• [TASK TO COMPLETE]: Under this line are the records; repeat exactly the lines starting at the one containing "Ashley Furniture- Rawcliffe" and ending at the one containing "2201 Briarwood Village, Clinton, MA", omitting pictures.

• [INFORMATION]:
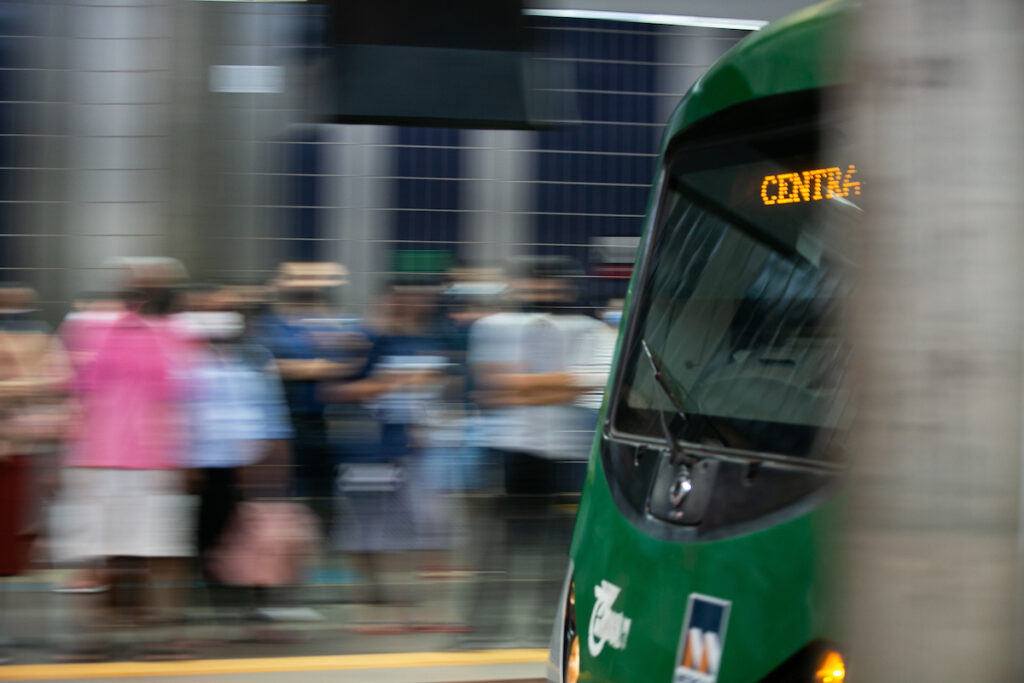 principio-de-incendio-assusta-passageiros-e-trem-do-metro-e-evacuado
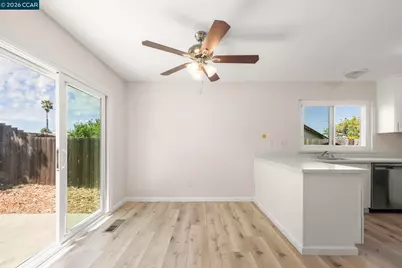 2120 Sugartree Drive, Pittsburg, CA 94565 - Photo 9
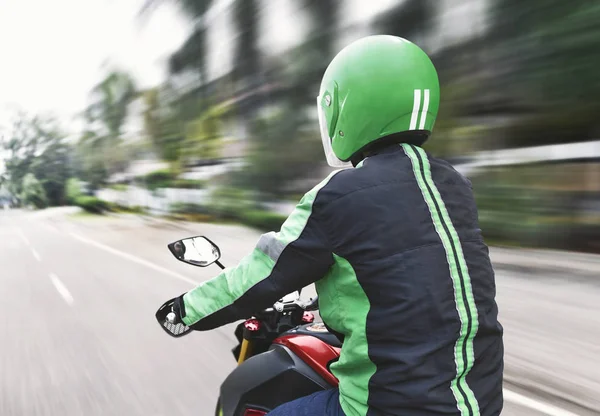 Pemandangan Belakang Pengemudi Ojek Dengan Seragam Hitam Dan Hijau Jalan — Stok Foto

==

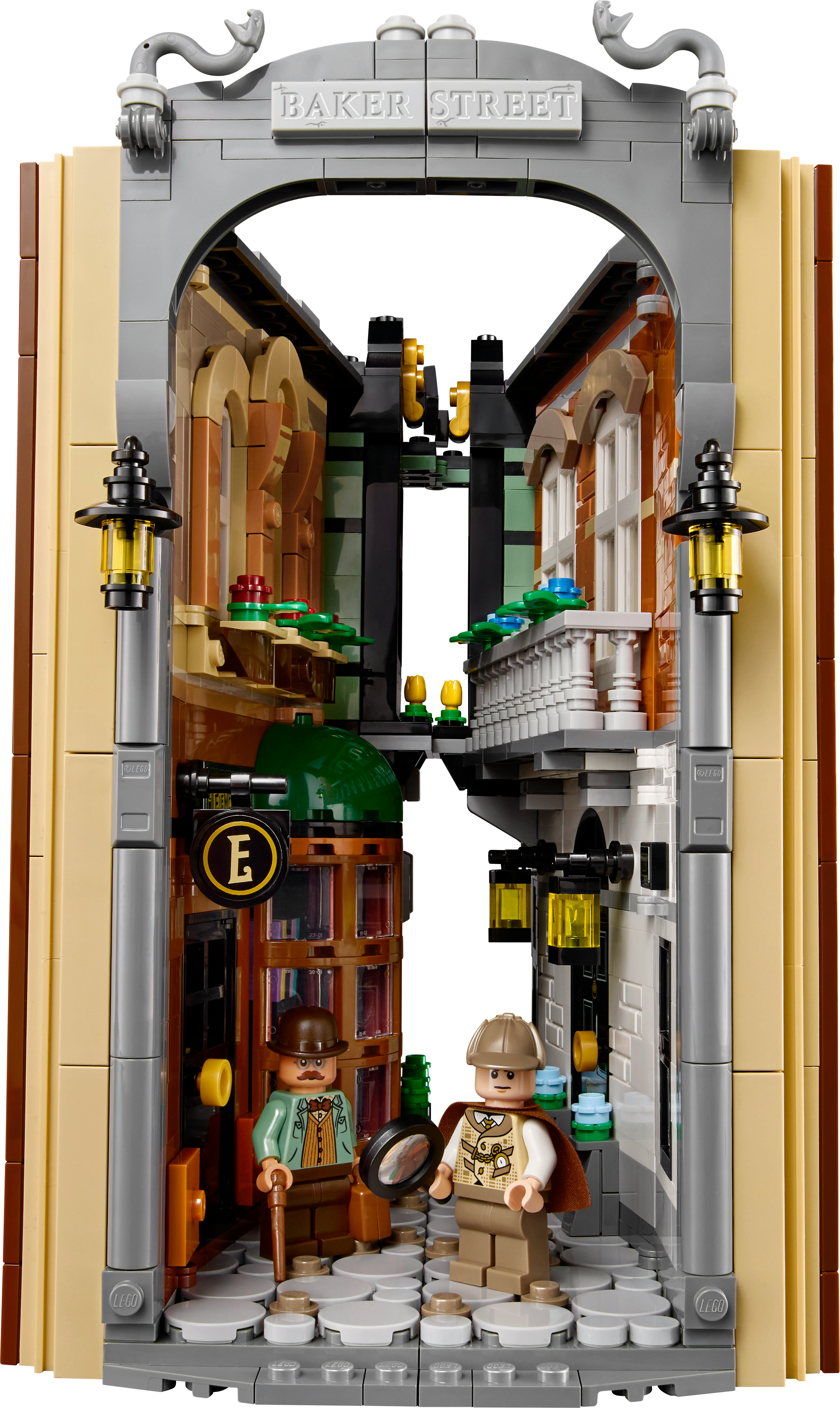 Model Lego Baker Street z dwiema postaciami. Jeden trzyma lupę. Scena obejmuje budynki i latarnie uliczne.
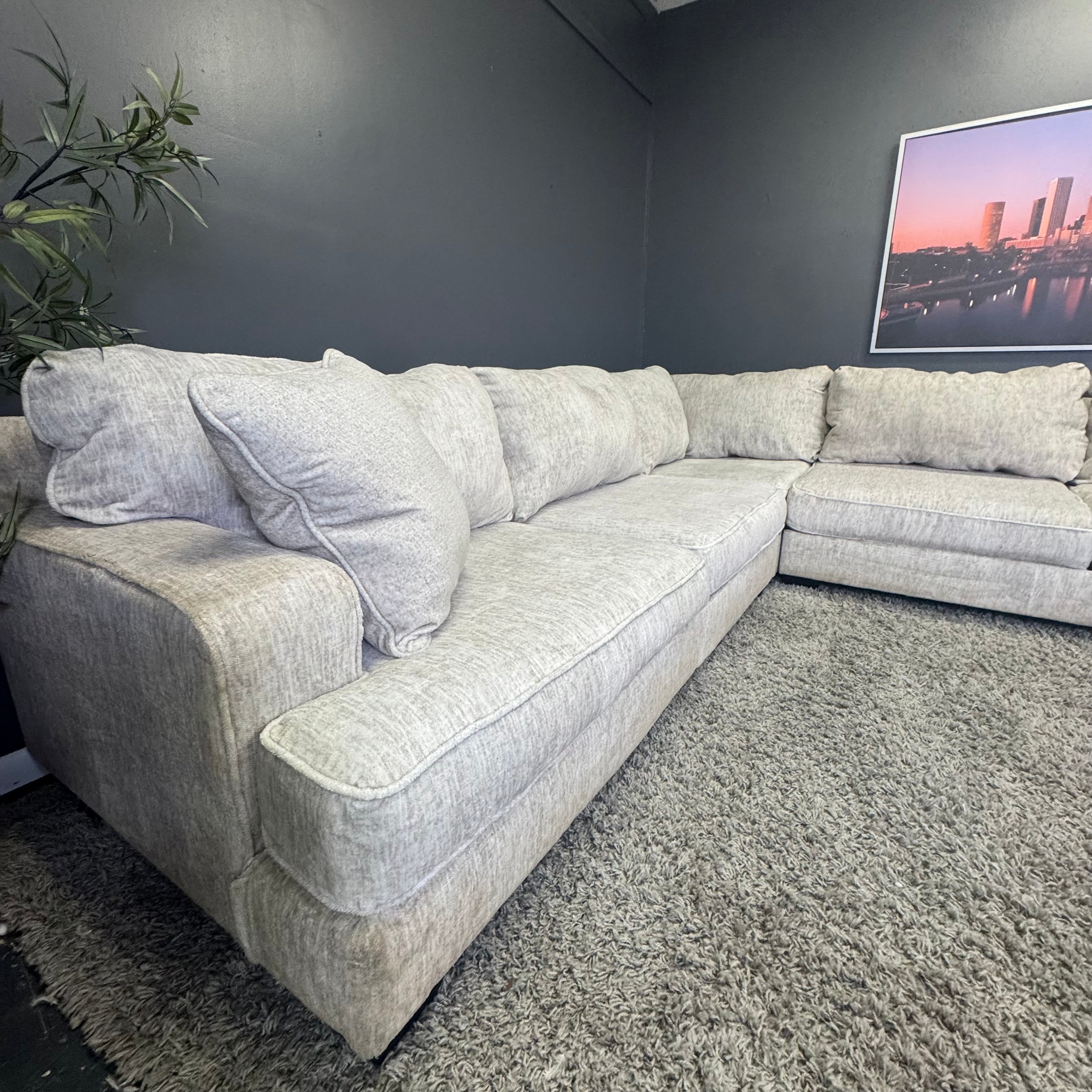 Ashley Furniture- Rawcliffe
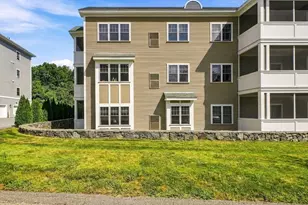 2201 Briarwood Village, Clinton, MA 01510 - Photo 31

• [EXERCISE RESULT]:
 Ashley Furniture- Rawcliffe
 2201 Briarwood Village, Clinton, MA 01510 - Photo 31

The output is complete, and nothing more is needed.